What’s down there? Nothing and everything, and metaphysics that are handsomely coherent and readily legible, by Pynchonian standards. (I mean, the book is Out There, but that’s where the Truth is.) The feeling of the space of the no-space of DeepArcher foreshadows the vibe Maxine picks up when tiptoeing through the cellar of Ice’s Long Island hideaway (which may connect to a hush-hush government installation). And of course it rhymes with our consciousness’s collective free fall into the future. And especially it suggests the twilight state where Pynchon thrives, lucid dreams bleeding into the obscure “reality” and the nightmare of history.
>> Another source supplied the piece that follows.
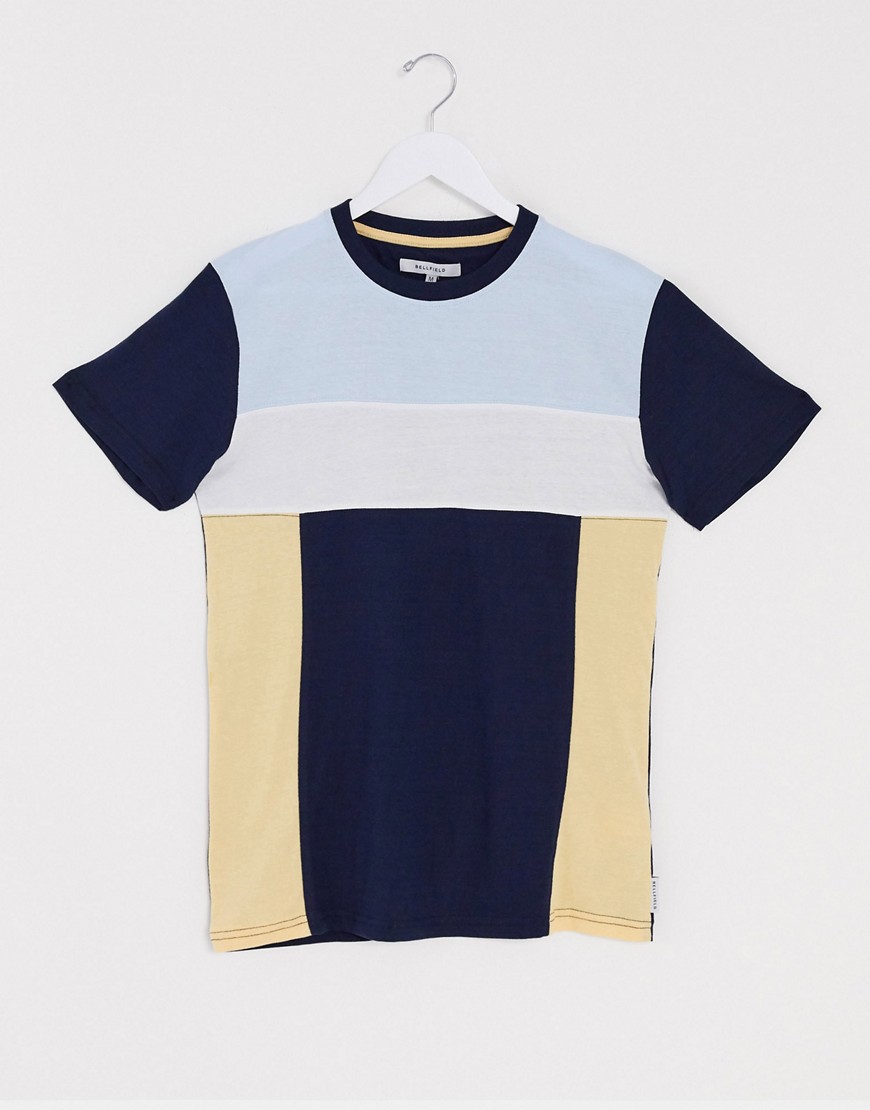 Bellfield - T-shirt met kleurvlakken-Marineblauw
Bleeding Edge, then, says Kaddish for old New York and slow boils a noir fantasy pointing toward the character of America’s future. It has the ring of a valediction and the heft of a summa in the way it insistently directs the knowledgeable reader elsewhere in the Pynchon corpus, to his earlier riffs on heat death and harmony and encounters with the infinite. In particular, these helical slides of reference and dotted throughlines of theme carry us back to The Crying of Lot 49, which was until now the recommended entry-level Pynchon—a relatively straightforward introduction to the master of the labyrinthine, with his hard facts and otherworldly hunches. The protagonist there was Oedipa Maas (another woman decoding the ciphers of the Man), and the new book pointedly and repeatedly pushes us back to the moment of a crucial phone call Oedipa received: “She'd been up most of the night, after another three-in-the-morning phone call, its announcing bell clear cardiac terror, so out of nothing did it come, the instrument one second inert, the next screaming.” It is very often 3 a.m. in the world of Bleeding Edge with the terror more present than ever, and the reader in want of the basic comforts—food and clothes and heat all the time, buildings all in one piece.
Bleeding Edge by Thomas Pynchon. The Penguin Press.